OPINIÃO

Primeiros passos de um novo caminho

Com pouco mais de dois meses à frente de um dos maiores contratos rodoviários do Paraná, a EPR Iguaçu já percorreu, literalmente, boa parte do trecho sob sua responsabilidade para mostrar a que veio.

A concessionária, responsável por 662 quilômetros de rodovias nas regiões Oeste e Sudoeste do Estado, vem apresentando resultados expressivos numa corrida contra o tempo (e contra os buracos).

O balanço inicial impressiona: 220 quilômetros de pista requalificados, 1.920 placas de sinalização novas ou substituídas, mais de 190 mil metros quadrados de pintura horizontal renovada e mais de 1.500 quilômetros percorridos com serviços de roçada e limpeza.

Uma frente de trabalho intensa que já se faz notar — tanto pelos números quanto pelas palavras de quem vive a rotina das estradas.

A operação começou pelo Sudoeste, onde as condições do pavimento exigiam ação imediata. E, como era de se esperar, a BR-163 apareceu entre as prioridades. Trata-se de um eixo logístico essencial, vital para o escoamento de grãos e cargas pesadas entre o Mato Grosso, o Mato Grosso do Sul e o Porto de Paranaguá.
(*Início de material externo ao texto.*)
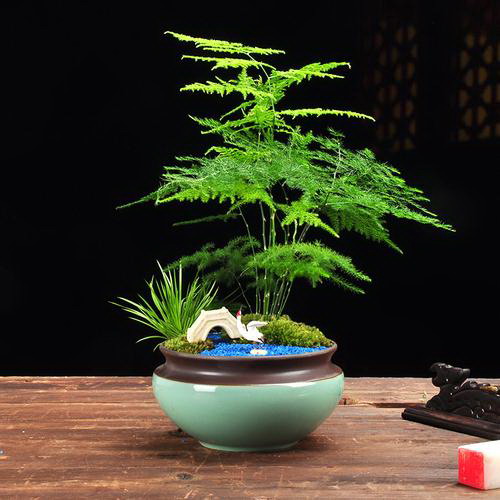 鸡冠花什么时候移栽最好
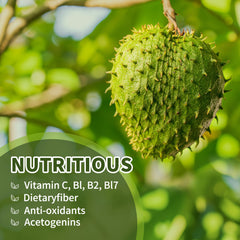 Hudetex soursop graviola leaf extract close-up highlighting natural ingredients.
Um corredor estratégico que, no entanto, pedia socorro.

“Era uma requalificação emergencial para garantir a segurança dos usuários”, explica Silvio Caldas, diretor-executivo da EPR Iguaçu. “Além da recuperação do pavimento, temos atuado em várias frentes: roçada, sinalizações horizontal e vertical, além da instalação de dispositivos para redução de velocidade. Tudo para evitar acidentes”, pontua.

A concessionária também tem reforçado o diálogo com a sociedade e com autoridades locais, identificando pontos críticos que precisam de atenção imediata. “Ao longo de todo o trecho, a segurança é nossa prioridade absoluta. Temos ampliado nossas equipes para garantir trafegabilidade com eficiência, conforto e segurança”, afirma Marcos Moreira, diretor-presidente do Núcleo EPR Paraná.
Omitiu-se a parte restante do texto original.